Hugh wrote:
On this discussion, I would not that it is not just a question of transcribed text and/or images, but also frequently of editions. For a writer like James Fenimore Cooper it is not just a question of accuracy of transcription (and imposition of publishers' editorial styles) in the numerous editions made of his works, but also that he frequently made significant changes in his novels in new editions published during his lifetime. This is presumably true of many other writers. So even the "first edition" is not always the "best edition." On page numbering, it is my custom to include page numbers from the edition I am transcribing by placing them in {curly brackets} -- a typographical form I don't otherwise use. This makes it easy for the user not only to determine what page he is "on" in the electronic version, but also to look for specific page numbers, or provide citations to them, easily.
In the demonstration "My Antonia" project, one form of presentation includes showing the page markers which provide links to images of the page scans: http://www.openreader.org/myantonia/basic-design/myantonia.html Another form exposes the paragraph id's so there can be direct automated linking to any particular paragraph (must use Firefox or Opera, won't work in IE): http://www.openreader.org/myantonia/basic-design-nopagenum-paranum/myantonia... (to see paragraph linking in action, see example later on regarding error correction.) It is also possible to link to a certain original source page, for example: http://www.openreader.org/myantonia/basic-design-nopagenum/myantonia.html#pa... (this brings up the approximate spot in the text where the original paper Page 11 started.) Or to do the same for the document where page numbers and links are exposed: http://www.openreader.org/myantonia/basic-design/myantonia.html#page011
To further complicate the edition issue, the Modern Language Association has developed a fairly rigid style form for editions bearing its seal of approval, which results in a synthetic (and hence copyrighted) version which (to make a long matter short) combines the latest text on which the author is known to have worked, with the earliest form (ideally the manuscript) for his spelling, punctuation, and other stylistic matters that usually get changed by publishers to suit their own style manuals. In the case of JF Cooper these editions have been issued in the so-called "Cooper Edition" -- first by the SUNY Albany Press and more recently by AMS, but have been licensed to other publishers such as Library of America, Oxford, and Penguin.

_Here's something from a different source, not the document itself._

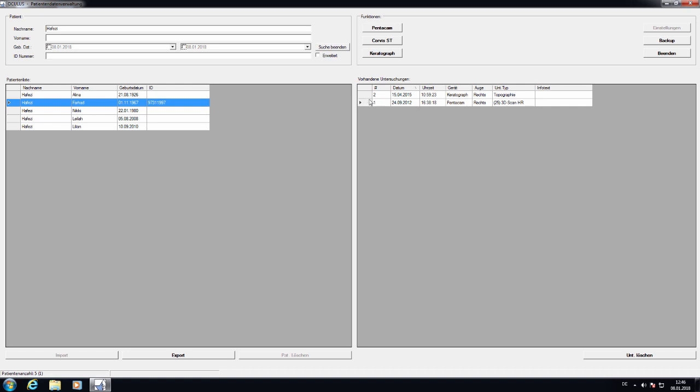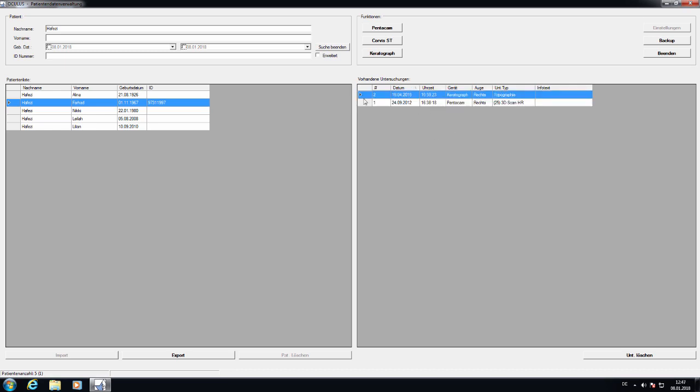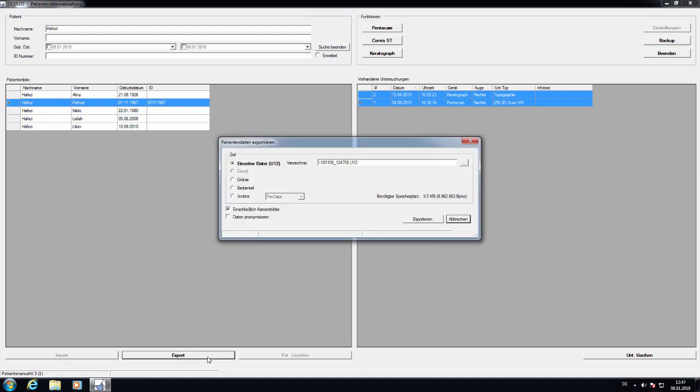Let's say I'm interested in the Pentacam measurement, then I can choose this one or I can press Shift and choose more than one. Two, three, five, all of them. And then I press on Export.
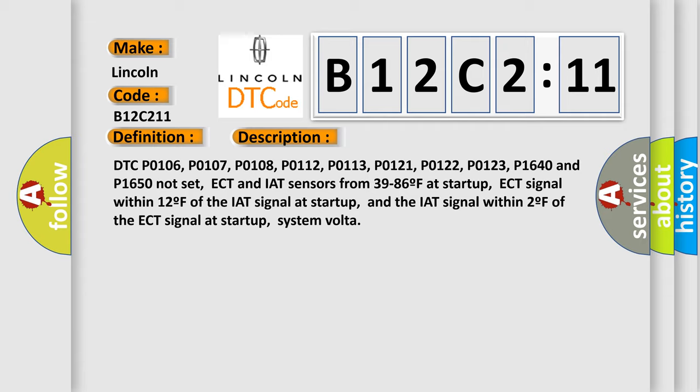DTC P0106, P0107, P0108, P0112, P0113, P0121, P0122, P0123, P1640 and P1650 not set.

Interesting. With respect to Willa Cather's "My Antonia", the first edition is now Public Domain, but the second and subsequent editions (which had some corrections) are still under copyright. So what we did was to put together a faithful textual reproduction of the first edition (still undergoing some proofing -- should have submitted it to DP in the first place but that's another discussion thread I'd rather not discuss.) Then, using known scholarly information on that Work, marked up corrections made in subsequent Cather-approved editions. To see this in action in "My Antonia", first go to: http://www.openreader.org/myantonia/basic-design-nopagenum/myantonia.html#p0... Notice in that paragraph the word "Austrians" is highlighted in gray. If you put your pointer over the word, in most browsers a little popup window will appear saying "UNL Cather Edition: Prussians". UNL is the University of Nebraska at Lincoln (who we have been in contact with regarding "My Antonia"), and they have reprinted this Work in a scholarly edition which notes what corrections were made to the first edition -- in this example the grayed word should be "Prussians" instead of "Austrians".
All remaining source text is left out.